▶ [The input]:
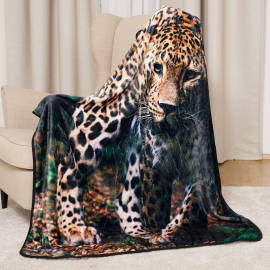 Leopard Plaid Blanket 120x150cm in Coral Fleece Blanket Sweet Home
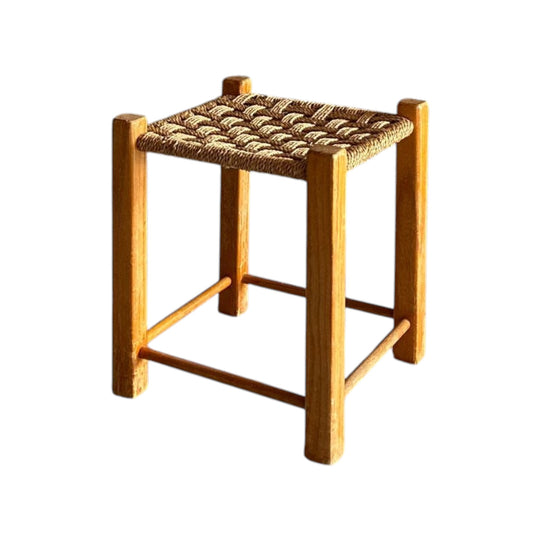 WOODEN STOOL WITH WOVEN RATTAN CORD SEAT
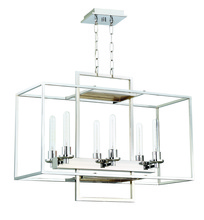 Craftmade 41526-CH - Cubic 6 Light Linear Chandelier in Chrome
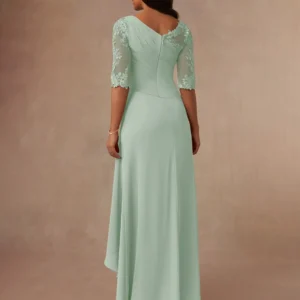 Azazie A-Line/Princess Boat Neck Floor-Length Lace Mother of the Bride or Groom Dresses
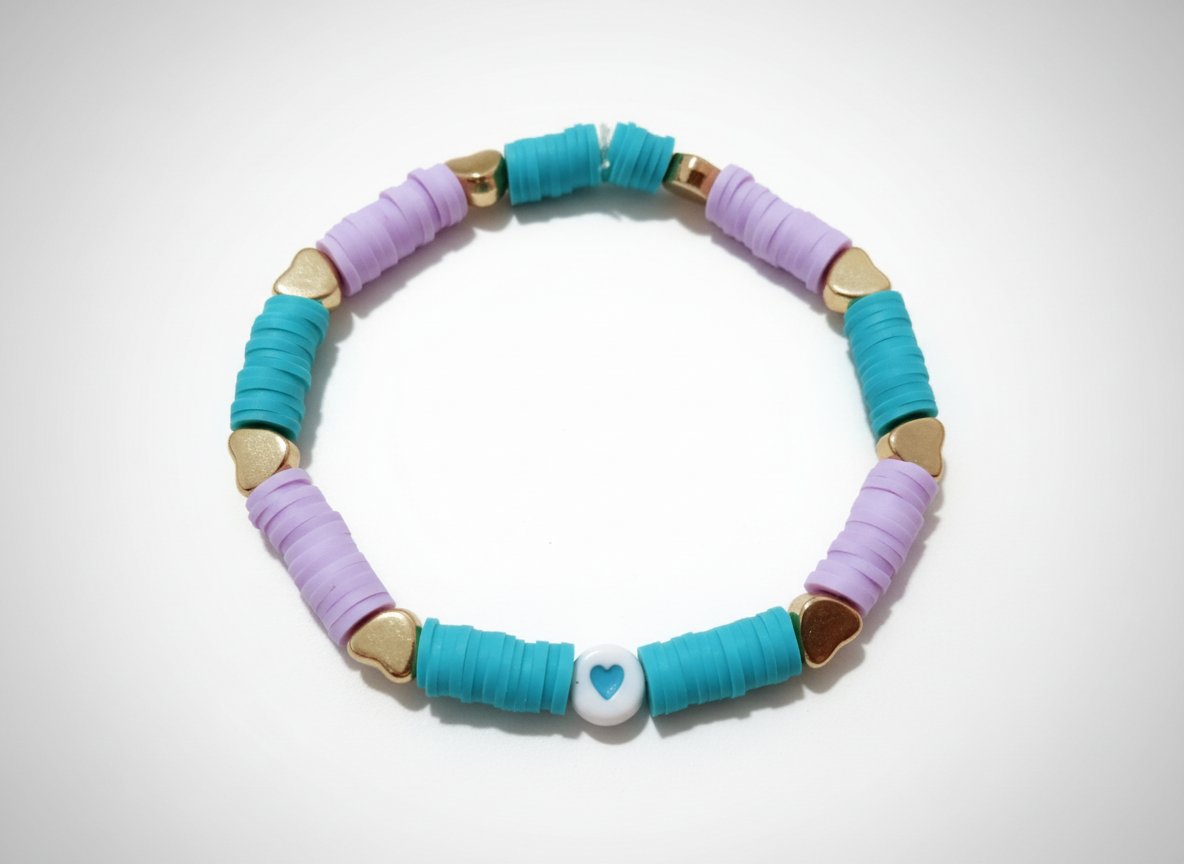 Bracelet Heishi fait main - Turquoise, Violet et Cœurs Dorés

==

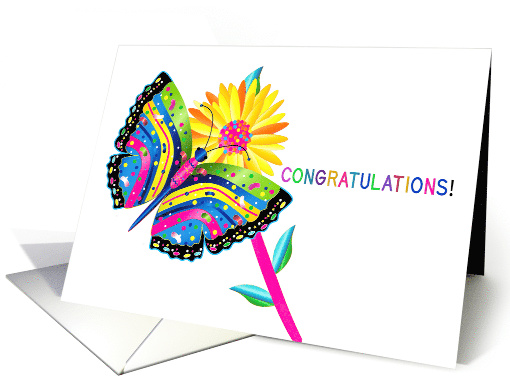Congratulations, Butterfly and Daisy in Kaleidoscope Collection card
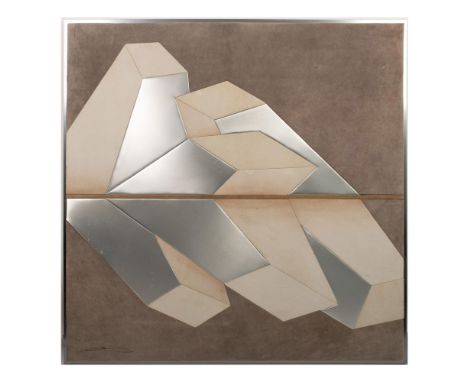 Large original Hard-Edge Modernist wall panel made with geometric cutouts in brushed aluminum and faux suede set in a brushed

▶ [Work task]: Exactly as written above, retype the lines starting at the one holding "WOODEN STOOL WITH WOVEN RATTAN CORD SEAT" and ending at the one holding "Bracelet Heishi fait", both included, but not the pictures.

▶ [Answer for this exercise]:
 WOODEN STOOL WITH WOVEN RATTAN CORD SEAT
 Craftmade 41526-CH - Cubic 6 Light Linear Chandelier in Chrome
 Azazie A-Line/Princess Boat Neck Floor-Length Lace Mother of the Bride or Groom Dresses
 Bracelet Heishi fait main - Turquoise, Violet et Cœurs Dorés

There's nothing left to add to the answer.